Miller, A. J., W. B. White and D. R. Cayan, 1997:
North Pacific thermocline variations on ENSO time scales
Journal of Physical Oceanography, 27, 2023-2039.
Abstract.
The North Pacific thermocline (250m to 400m)
is studied using XBT observations acquired during the 1970s and 1980s.
Interannual variations (3-5 year time scales) in thermocline temperature,
with O(0.1C) amplitude at 400m,
are found to
exhibit westward propagation
throughout the extra-tropical
North Pacific up to 45N.
Southwards of 30N, the features propagate intact
across the basin from the eastern boundary to the western
boundary.
Northwards of 30N, the features can be observed to propagate
only as far as the dateline.
The observed midlatitude thermocline anomalies
are often related to tropical ENSO events in that they occur
most strongly after the development of tropical El Nino
or La Nina conditions
and propagate westward from near the eastern boundary in the midlatitudes.
But it is found that the observed midlatitude thermocline anomalies
have larger phase speeds
than theoretically predicted free baroclinic Rossby waves.

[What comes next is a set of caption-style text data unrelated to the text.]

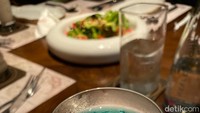 Untuk minumannya ada lebih dari 50 jenis minuman yang disajikan di sini. Di menu Cocktail Signature (mengandung alkohol), pengunjung bisa cicip Smoke Sugar Daddy (Rp 135.000).  Foto: detikFood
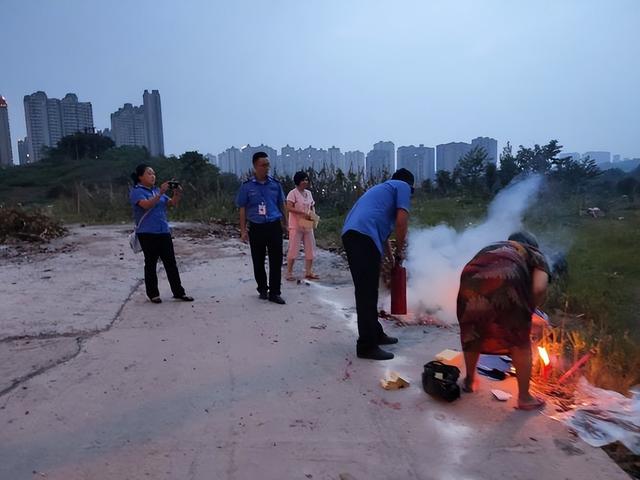 清明节将至，俗语扫墓祭祖“四不做，一做穷三代”，指的是哪些？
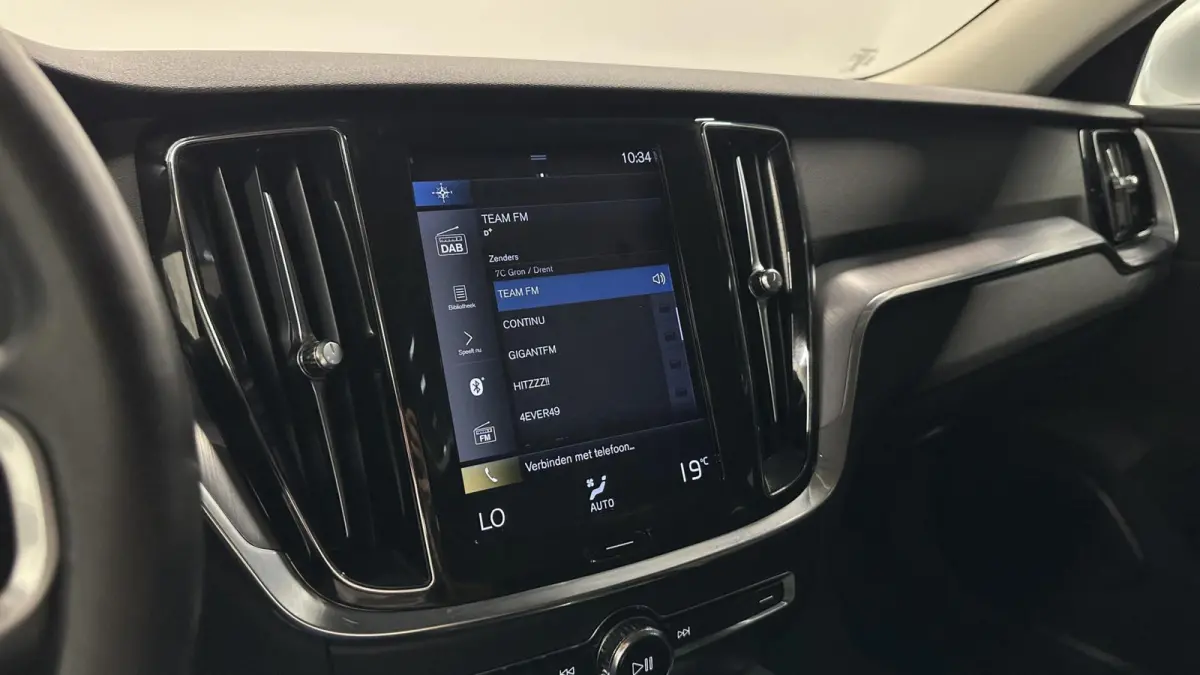 2.0 B3 Momentum Business ECC NAVI CAMERA CARPLAY LM CRUISE.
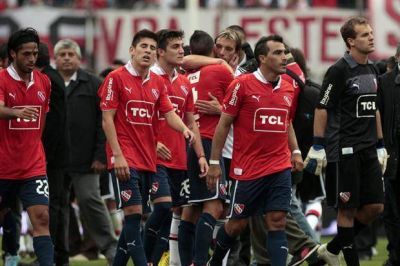 �Qu� deber�a pasar para que Independiente no descienda esta noche?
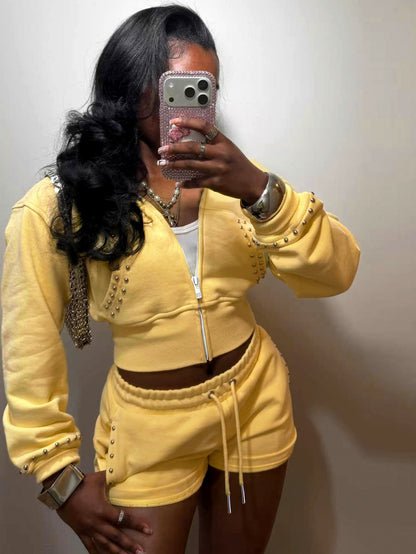 Gelbes Set mit Zip-Hoodie und Shorts – Produktansicht 6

Also, the observed anomalies have larger wavelength and
faster propagation speeds than baroclinic Rossby waves
that radiate from coastal Kelvin-like waves
near the eastern boundary in
well-known high-resolution models.
Large-scale
thermocline fluctuations which
have spatial scale and phase speeds similar to the observations
are also found
in a coarse resolution model of the Pacific Ocean
forced by observed wind and heat flux anomalies over the 1970-88 period.
In the midlatitudes, north of 30N, large-scale Ekman pumping
by interannual wind stress curl variations provides a significant driving
mechanism for
the modeled large-scale
thermocline
anomalies.
The modeled ocean response is a combination of the static
thermocline response to large-scale Ekman pumping plus
a train of westward traveling Rossby waves which accounts for part of
the propagating
temperature fluctuations.
A tropical, remotely forced
component is prominant near the eastern
boundary, but this only contributes weakly in the model open ocean.